# '97 MTD Mastercut over haul



## dangeroustoys56 (Jul 26, 2010)

I got this tractor a few years ago for free- body was in decent shape, but the deck had major issues ( like seized mandrels and a giant rot hole in it) and the motor were shot - the plus was it came with a complete bagger setup.


After swapping on another motor, it was apparant 2 other things were bad- the fact that the right front tire leaned severely and the fact that it ran in high gear all the time.

I put a 'new' spare front axle in it ( recycled from a parts tractor) , but still never figured why it ran so fast. Till today. Id been using it for sucking up the fallen leaves , but after it 'got away ' from me- it was time to fix it correctly.


Since im building a modified MTD and it doesnt need its transaxle, i decided to swap it into the '97 - since i drilled and tapped it for grease zerk fittings - it should be another servicable point in the tractor ( since MTD's transaxles are notorious for whining badly) . The old stock brakes werent that great either....


While pulling the old transaxle earlier today - i noticed the PO put on too tight of rear belt - the variable pulley assembly didnt swing back and forth like it should - that was the cause of the speeding.

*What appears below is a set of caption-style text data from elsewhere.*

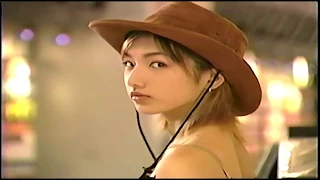 Morning Musume - LOVE Machine (VHS Full Ver.)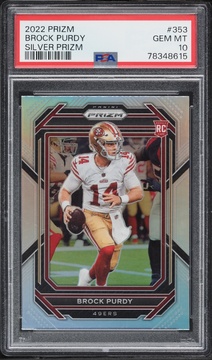 Fanatics Collect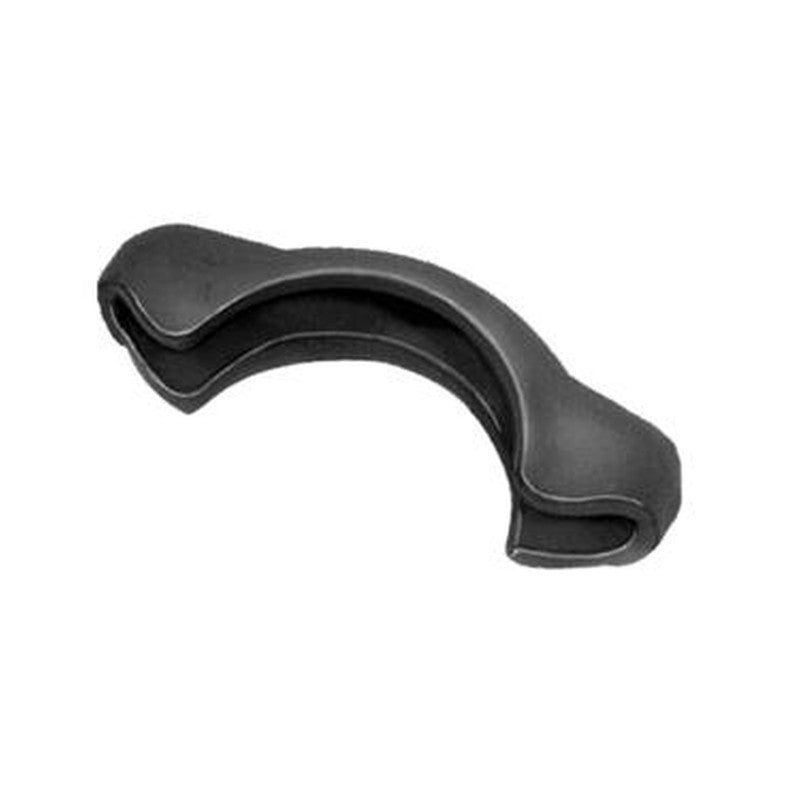 Semicollare Tubo Sc. per Iveco Daily | OE 8586089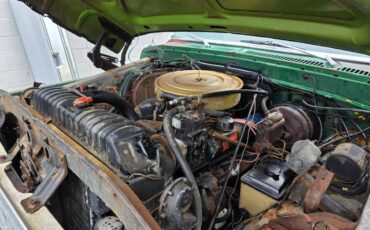 Ford-f-350-1974-green-17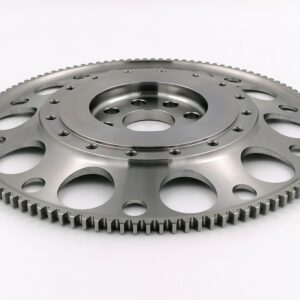 BMW S50 S52 S54 140mm Race Supalite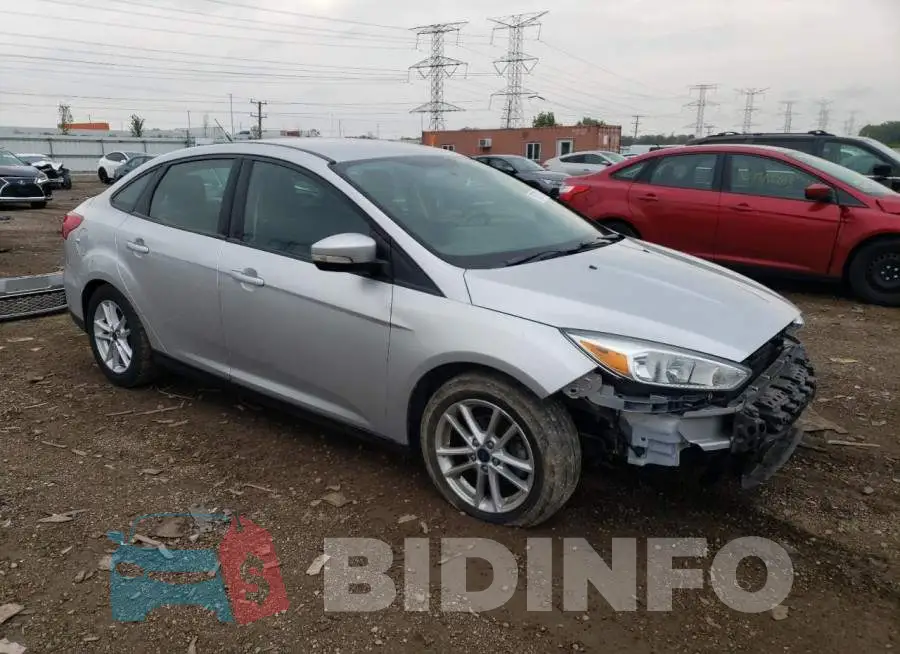 1FADP3F24GL283864 Photo# 4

Ill have to get a slightly longer rear belt - i dont want it that fast for mowing.

I suppose another good thing about fixing it now is i noticed one of the deck mandrel berings has some slop in it - good time to replace that as well and do its yearly maintenence.

Heres how it sits at the moment:


----------



## rsmith335 (Jun 2, 2010)

You really have alot of knowledge about mowers, great to have you on board.


----------



## dangeroustoys56 (Jul 26, 2010)

Thanks- most of what i know is all by taking stuff apart and fixing it , well that and 17 years of tinkering. Only thing i havent done is rebuild a motor .

Most MTD parts are interchangable between years and models , ive noticed how weird it is that MTD has changed its speed shifter location thru the years as well - my 85's is on its dash bord - i have couple with the shifters in the chassis cover ( in front of the seat) and a couple with them on the right rear fender.

Hopefully should have it back together in a couple days - if i dont get sidetracked with other projects .......


----------



## dangeroustoys56 (Jul 26, 2010)

I did get sidetracked - i put the factory sized front wheels back on my GTII


----------



## Thomas (Nov 1, 2006)

Always look forward reading your knowledge..there must be youngster near by you like to get some grease under there finger nails.


----------



## dangeroustoys56 (Jul 26, 2010)

My nephew comes over often and we tinker with tractors - hes building a go kart at the moment.


----------



## kdhwriter (Jul 25, 2011)

Did the original rear bagging set-up come with the chute up the middle? I've been given a rear bagger MTD with a center chute from perhaps the early 90s but its model number doesn't seem to come up on the factory radar.


----------



## dangeroustoys56 (Jul 26, 2010)

Finally an update - I had some time and put the replacement trans in the MTD today - wow, 3 months later.... its finally setting back on all 4 wheels - nothings hooked up yet- but its bolted in.

Need to get it out of there, my other tractors need some maintence.


Kdhwriter: sorry about the late reply- havent really looked at it for a while. Ive never seen a rear chute, rear bagger MTD before - any pics of it?

Most rear baggers ive seen are either craftsman/dynamark /AYP stuff. Its possible its a overseas model that somehow made its way here- there seems to be alot of rear bag/rear discharge machines over there.


----------